Loisel, dans son dialogue des avocats, fait mention d’une fameuse cause qui fut plaidée au parlement de Paris par Mrs Boulard & Desombres, & que l’on nomma la cause du te Deum laudamus. Voici le fait tel qu’il est raconté par l’auteur. Un chanoine de Chartres avoit ordonné par son testament qu’on chantât le te Deum en l’église au jour & heure de son enterrement, ce que l’évêque Guillard trouva non seulement nouveau, mais si scandaleux, qu’il lui refusa ce qu’il avoit desiré, ajoutant que c’étoit une hymne de louange & de réjouissance non convenable au service des trépassés. L’avocat du mort soutenoit au contraire qu’il n’y avoit rien que de bon & de pieux dans cette hymne, & pour le prouver, il parcourut tous les versets dont elle est composée, avec de belles recherches & interprétations dont il les orna ; enfin il justifia qu’il contenoit même une priere formelle pour les morts, en ces mots : te ergo quoesumus, famulis tuis subveni, quos pretioso sanguine redemisti. Æternâ fac cum sanctis tuis in gloriâ numerari. Bref, la cause fut si bien plaidée, que le testament & le te Deum ordonné par icelui furent confirmés par arrêt qu’on baptisa du nom de te Deum laudamus.

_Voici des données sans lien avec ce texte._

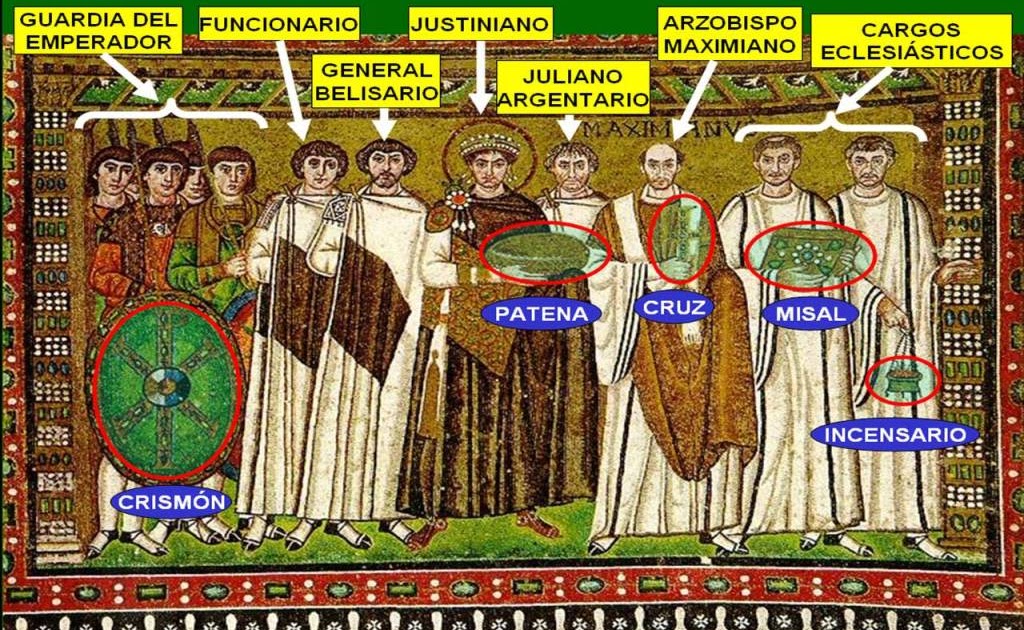 JUSTINIANO Y TEODORA ENSEÑARTE JUSTINIANO Y TEODORA ENSEÑARTE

Le te Deum se chante encore extraordinairement en pompe & en cérémonie, pour rendre publiquement graces à Dieu d’une victoire remportée par terre ou par mer ; C’est ce qui fit dire à une dame d’esprit du dernier siecle, que le te Deum des rois étoit le de profundis des particuliers. Un poëte écrivoit dans le même tems à ce sujet :

J’ai vu les nations avides de carnage.
En faire un métier glorieux,
Et des tristes effets de leur funeste rage,
Aller pompeusement rendre graces aux dieux.